# Memorizing Corner Cycle



## MovingOnUp (Mar 26, 2011)

Hey I use Pochman/M2 because I am a total beginner at blinfold solves and I was wondering when you memorize the corners using the method shown in Eric Limeback's tutorial what do you do if the corner cycle type thing you are memorizing has the actual corner that goes in the place that you are using to cycle the corners around. not sure if I made sense there? If not do this scramble on a solved cube (yes I know it is a long one) (R U' R' U' R U R' F' R U R' U' R' F R) D (R U' R' U' R U R' F' R U R' U' R' F R) D' (R U' R' U' R U R' F' R U R' U' R' F R) Now I know you would have to randomly place any other corner in there that is already unsolved but when memorizing I am not sure how to memorize this I just have no clue my mind can't follow I guess?


----------



## escortkeel (Mar 26, 2011)

*Clarification*

Happy to help,

That's a Pochman Y Perm (in the scramble) so I'm not exactly sure what I'm meant to be telling you.
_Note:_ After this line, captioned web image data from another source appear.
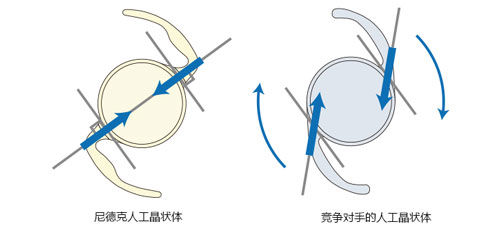 90-degree-haptic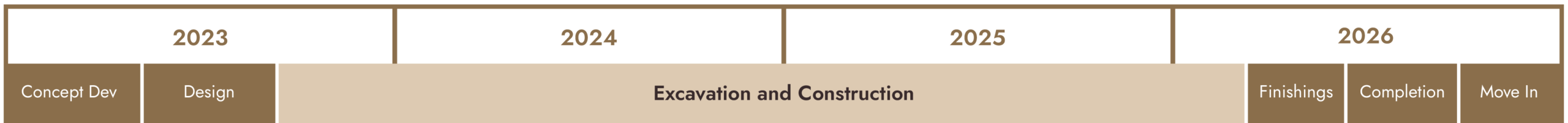 Morrison Walk Construction Timeline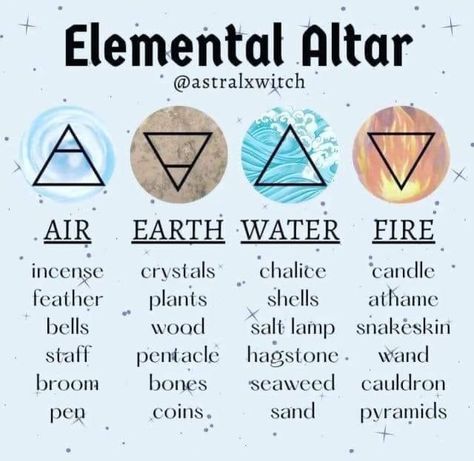 Elemental Altar, Witchcraft Altar, Magia Das Ervas, Wiccan Magic, Elemental Magic, Witch Spirituality, Magic Spell Book, Grimoire Book, Fire And Water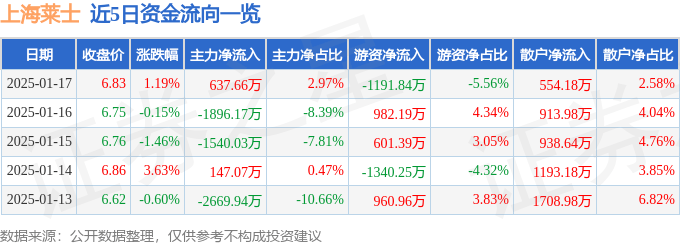 股票行情快报：上海莱士（002252）1月17日主力资金净买入637.66万元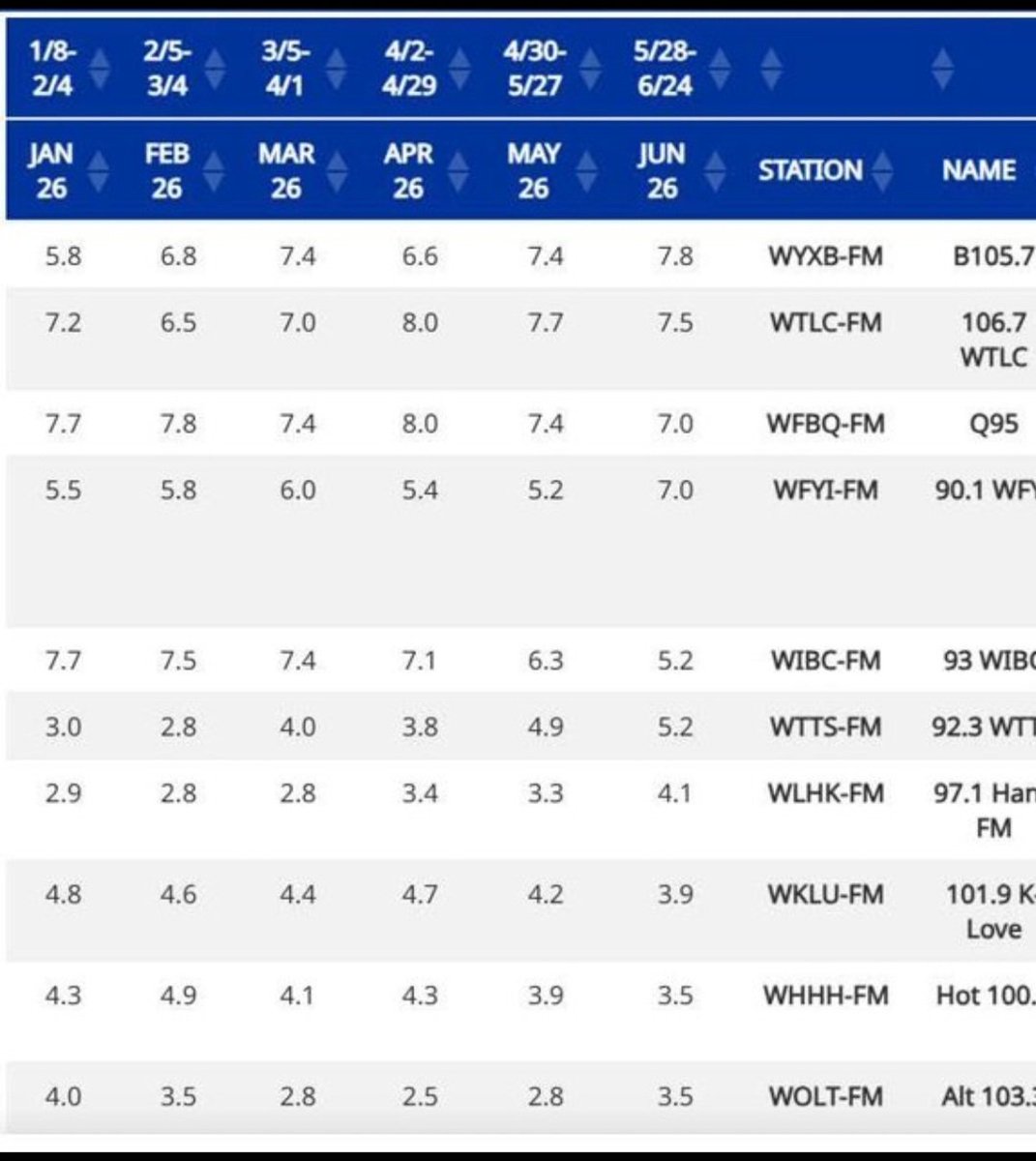 drew_jump's tweet photo. @tonykatz Looks like thats a fucking lie. Wibc numbers have gone down every month..... https://t.co/3TkP1W03XL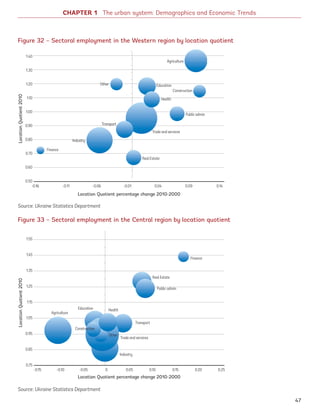 CHAPTER 1 The urban system: Demographics and Economic Trends
Figure 32 – Sectoral employment in the Western region by location quotient
Figure 33 – Sectoral employment in the Central region by location quotient
Source: Ukraine Statistics Department
Source: Ukraine Statistics Department
Location Quotient percentage change 2010-2000
Location Quotient percentage change 2010-2000
-0.16
-0.15 -0.10 -0.05 0 0.05 0.10 0.15 0.20 0.25
Finance
Finance
Industry
Industry
Construction
Agriculture
Agriculture
Transport
Transport
Trade and services
Trade and services
Education
Education
Health
Health
Other
Public admin
Public admin
Real Estate
Real Estate
-0.11 -0.06 -0.01 0.04 0.09 0.14
LocationQuotient2010LocationQuotient2010
1.40
1.30
1.20
1.10
1.00
0.90
0.80
0.70
0.60
0.50
1.55
1.45
1.35
1.25
1.15
1.05
0.95
0.85
0.75
Construction
Other
47
Ukraine_2015_nov26.indd 47 2015-11-26 5:14 PM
Can you clarify?

-Keeley


----------



## MovingOnUp (Mar 26, 2011)

Yes, but I am saying when the cube is in this position to memorize for a blind solve (not literally that position but in that case) you have to take out the already solved piece and insert an unsolved piece then go back to your cycle so I find this hard and don't quite get how I memorize this.


----------



## maggot (Mar 26, 2011)

you dont have to go back to anything. just shoot the piece out of the buffer position. bring any unsolved corner into the buffer position and keep memorizing from there. you dont have to go back to what you were doing. it should feel like a path when you memo. this corner goes here, this corner goes here. breaking into a new cycle just means that you have run into a case where you have to put an unsolved corner into the buffer in order to continue solving. thats all.


----------



## whauk (Mar 26, 2011)

1. dont think of UBL as a solved piece. 
2. memorise only where you have to shoot to. you already know how you can solve it and how you recognise that case. so just remember the stickers: RDF FDL RDF and if you execute the moves that are necessary to solve only those stickers you will solve the case.


----------



## MovingOnUp (Mar 26, 2011)

Yes but say if I don't "break" the cycle then it turns into about four switches until the UBL piece is solved but then when I am memorizing I know that I should put it in a new place that is unsolved so I can continue but I am not sure how to memorize do I go like memorize the four switches then memorize like I am going to place the "solved piece" in an unsolved place and carry on? I think that actually makes sense to me...tell me if i am correct/other way to do it maybe?


----------



## MovingOnUp (Mar 27, 2011)

EDIT: I figured out why I am confused when I place the "solved corner" I am not sure how to memorize where it is going in my head because that piece will have moved already I have no problem memorizing the steps to take it out !?!?!?!


----------



## maggot (Mar 27, 2011)

dont think about where it is going. just bring an unsolved corner in (you say you have no problem with switching it) now, memorize where that corner will go. then memo the next corner. dont think about where you put it, only where the next piece is going. so memo should be :
this corner goes x
this corner goes y
switch buffer piece out (break into new cycle)
the new piece goes to z
next corner goes to a
next goes to b
dont think about where it is, only that you have to switch it. just pick a random unsolved corner. it should be relatively easy seeing is that you memo where all the other corners before it go.


----------



## MovingOnUp (Mar 27, 2011)

Okay I can do it now thank you so much haha I love this forum


----------